Flight Lieutenant Wallace McIntosh DFC and Bar, DFM, lived from 27 March 1920 to 4 June 2007. He became the most successful air gunner in the RAF's Bomber Command in World War Two. The wider picture in Scotland at the time is set out in our Historical Timeline.
Wallace McIntosh was born in a barn in Tarves in Aberdeenshire during a blizzard. His mother was an unmarried teenage servant. He was raised by his grandparents alongside their seven children, moving from farm to farm in Perthshire and Aberdeenshire in search of seasonal work. He attended fourteen schools, finally leaving at the age of 13 and taking a series of agricultural jobs while, literally, moolighting as a poacher. He was later employed as a gamekeeper.
When the Second World War broke out, McIntosh cycled 30 miles to Dundee to volunteer for the RAF. He was initially rejected because of his lack of education, but then accepted as an aircraftsman serving on the ground. He later became an air gunner, being posted to 207 Squadron at RAF Langar, near Nottingham, in March 1943. As a mid-upper turret gunner in a Lancaster bomber flown by Flying Officer Fred Richardson, he shot down two German aircraft during his first tour of 32 missions, and was awarded the Distinguished Flying Medal. In June 1943 he became an air gunnery instructor and was commissioned as an officer.

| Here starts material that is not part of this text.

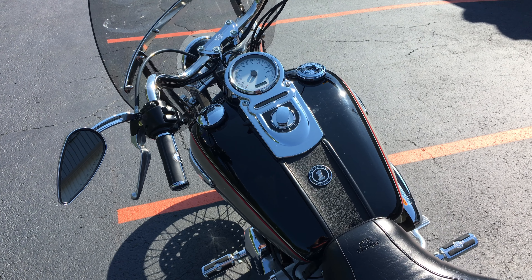Great tires, good looking machine. Maroney's Harley Davidson since 1956 — great people work here, you got to come in and meet them.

In February 1944 he returned to active duty with 207 Squadron at RAF Spilsby in Lincolnshire, serving as a rear gunner in the Lancaster flown by Wing Commander John Grey. He shot down one enemy aircraft over France on 3 May 1944, and then, on 7 June 1944, while on a raid in support of the D-Day landings, he and another gunner in the aircraft jointly shot down three more German aircraft. Both gunners received the Distinguished Flying Cross. In July 1944 he shot down two German aircraft during a raid over Stuttgart and was awarded a further Distinguished Flying Cross.
Wallace McIntosh left the RAF in 1948. He later worked as an agricultural foodstuffs salesman and then as a seed merchant. He married Christina Cooper in 1957 and they had four children together. He published his biography, Gunning for the Enemy, in 2003.